EXERCISE DESCRIPTION:
Would you print only the lines running from the one with "Black Onyx Signet" to the final line of the data below, word for word and without pictures?

SOURCE DATA:

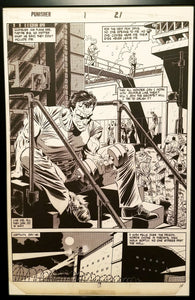 Punisher #1 pg. 21 by Mike Zeck 11x17 FRAMED Original Art Poster Marvel Comics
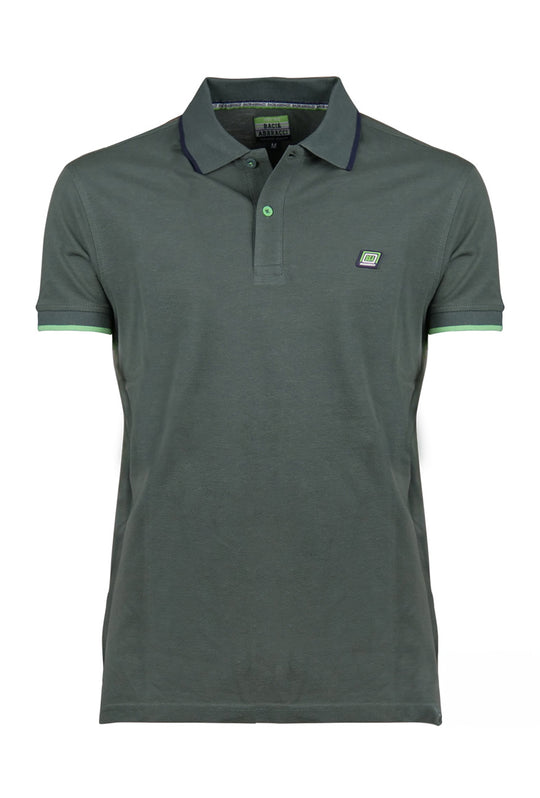 Polo Uomo Baci & Abbracci mezza manica 100% Cotone Piquet Dresserd - VERDE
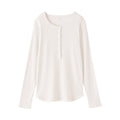 Lyocell Blend Rib Henley T-Shirt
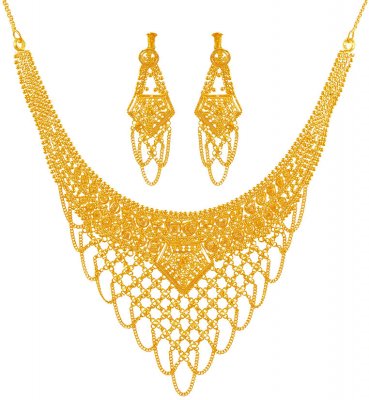 22K Gold Designer Necklace Set ( 22 Kt Gold Sets )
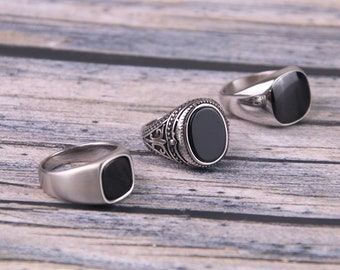 Black Onyx Signet Ring - Signet Ring For Men - Black Gem Stone Ring - Onyx Signet Ring - silver stainless steel ring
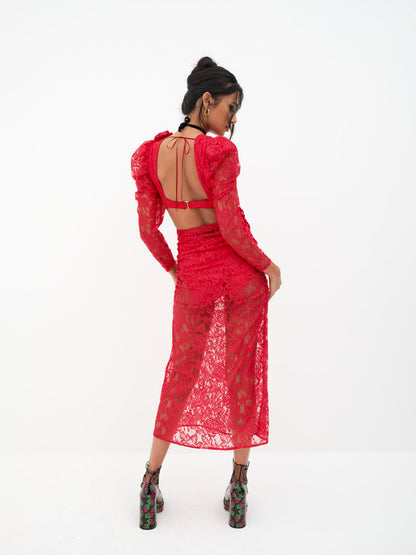 For Love and Lemons - Kana Midi Dress - Red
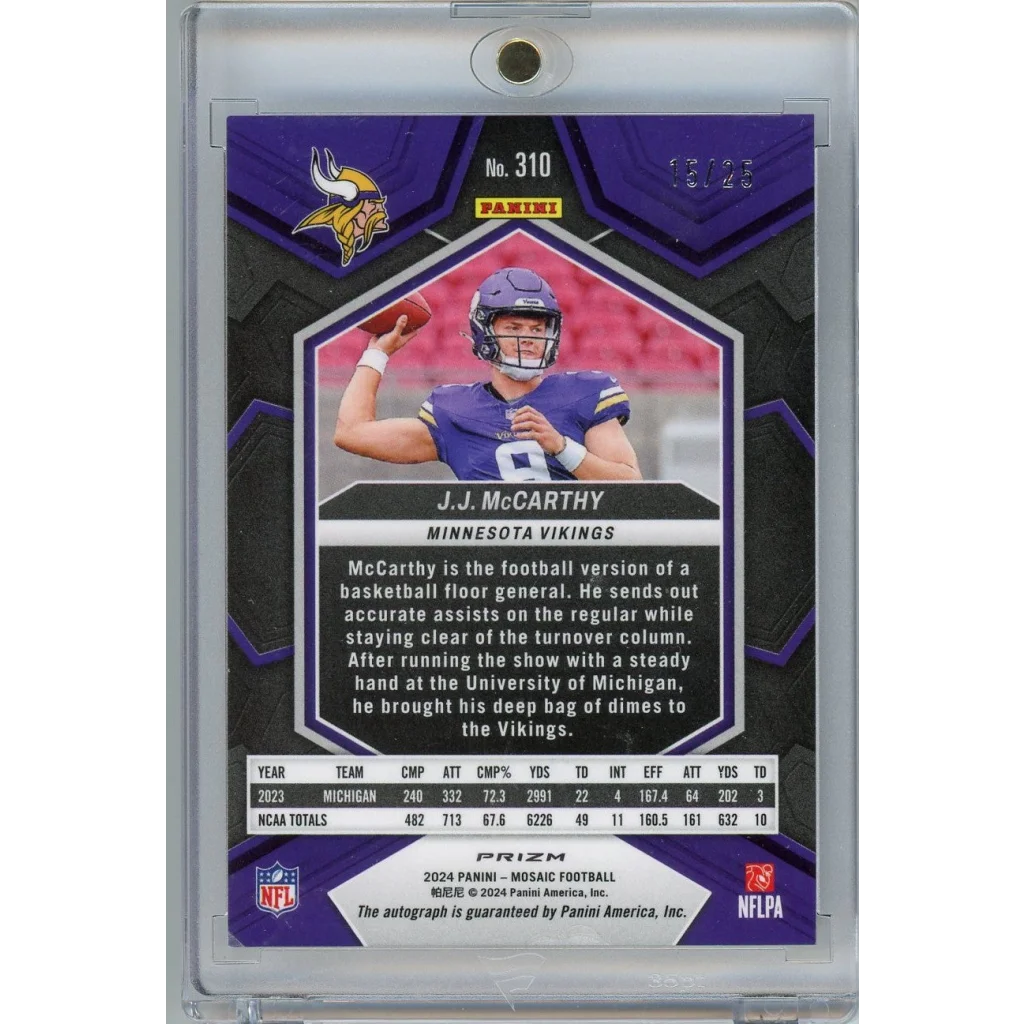 2024 Panini Mosaic White JJ McCarthy #310 /25 Auto Rookie RC Card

EXERCISE SOLUTION:
 Black Onyx Signet Ring - Signet Ring For Men - Black Gem Stone Ring - Onyx Signet Ring - silver stainless steel ring
 For Love and Lemons - Kana Midi Dress - Red
 2024 Panini Mosaic White JJ McCarthy #310 /25 Auto Rookie RC Card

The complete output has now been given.